[YOUR TASK] Only one stretch of the data below is wanted: the lines starting at the one with "interior space featuring" and ending at the one with "Radiant cut loose", both included, given again exactly.

[SUPPLIED DATA]
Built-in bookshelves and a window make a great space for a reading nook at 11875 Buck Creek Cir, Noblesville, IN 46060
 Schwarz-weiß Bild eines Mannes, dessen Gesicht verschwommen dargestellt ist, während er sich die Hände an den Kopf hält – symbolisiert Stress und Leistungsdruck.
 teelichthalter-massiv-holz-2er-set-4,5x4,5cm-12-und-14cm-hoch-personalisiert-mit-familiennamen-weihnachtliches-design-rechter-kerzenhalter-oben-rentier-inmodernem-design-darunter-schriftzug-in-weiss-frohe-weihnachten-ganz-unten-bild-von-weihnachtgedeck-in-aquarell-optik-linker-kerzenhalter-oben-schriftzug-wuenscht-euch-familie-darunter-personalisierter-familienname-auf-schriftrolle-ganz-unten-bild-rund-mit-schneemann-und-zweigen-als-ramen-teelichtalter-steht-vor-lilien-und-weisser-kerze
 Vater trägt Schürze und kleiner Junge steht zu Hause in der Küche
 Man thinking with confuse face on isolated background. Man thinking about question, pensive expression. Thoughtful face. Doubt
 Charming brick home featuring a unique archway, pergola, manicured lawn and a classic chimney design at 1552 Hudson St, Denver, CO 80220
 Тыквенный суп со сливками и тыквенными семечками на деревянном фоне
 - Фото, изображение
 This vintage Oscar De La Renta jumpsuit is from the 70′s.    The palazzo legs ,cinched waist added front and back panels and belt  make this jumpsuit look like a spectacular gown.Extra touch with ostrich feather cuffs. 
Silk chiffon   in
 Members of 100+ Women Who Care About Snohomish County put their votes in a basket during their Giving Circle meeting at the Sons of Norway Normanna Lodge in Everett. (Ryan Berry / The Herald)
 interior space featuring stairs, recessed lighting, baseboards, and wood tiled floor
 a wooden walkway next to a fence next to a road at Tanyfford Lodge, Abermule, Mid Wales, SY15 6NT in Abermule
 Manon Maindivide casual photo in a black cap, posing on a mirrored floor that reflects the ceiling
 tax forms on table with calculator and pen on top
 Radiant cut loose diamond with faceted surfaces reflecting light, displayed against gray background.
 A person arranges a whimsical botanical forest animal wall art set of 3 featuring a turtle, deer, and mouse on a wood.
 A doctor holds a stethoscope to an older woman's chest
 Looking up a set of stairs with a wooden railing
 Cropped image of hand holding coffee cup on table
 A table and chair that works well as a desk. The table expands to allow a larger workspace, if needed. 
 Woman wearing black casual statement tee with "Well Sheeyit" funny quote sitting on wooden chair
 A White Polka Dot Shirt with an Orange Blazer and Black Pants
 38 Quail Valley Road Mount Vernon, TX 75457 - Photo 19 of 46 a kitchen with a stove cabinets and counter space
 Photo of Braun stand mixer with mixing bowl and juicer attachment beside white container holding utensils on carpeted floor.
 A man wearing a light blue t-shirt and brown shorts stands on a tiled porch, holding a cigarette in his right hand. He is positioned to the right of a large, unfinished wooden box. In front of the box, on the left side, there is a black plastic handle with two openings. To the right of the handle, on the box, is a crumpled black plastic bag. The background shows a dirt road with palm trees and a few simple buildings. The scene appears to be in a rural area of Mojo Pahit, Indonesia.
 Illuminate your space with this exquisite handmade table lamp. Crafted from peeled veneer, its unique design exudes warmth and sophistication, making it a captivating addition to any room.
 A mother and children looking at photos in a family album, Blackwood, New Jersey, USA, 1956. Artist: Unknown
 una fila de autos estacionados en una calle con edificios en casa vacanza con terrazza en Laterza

[SOLUTION TO THIS EXERCISE]
 interior space featuring stairs, recessed lighting, baseboards, and wood tiled floor
 a wooden walkway next to a fence next to a road at Tanyfford Lodge, Abermule, Mid Wales, SY15 6NT in Abermule
 Manon Maindivide casual photo in a black cap, posing on a mirrored floor that reflects the ceiling
 tax forms on table with calculator and pen on top
 Radiant cut loose diamond with faceted surfaces reflecting light, displayed against gray background.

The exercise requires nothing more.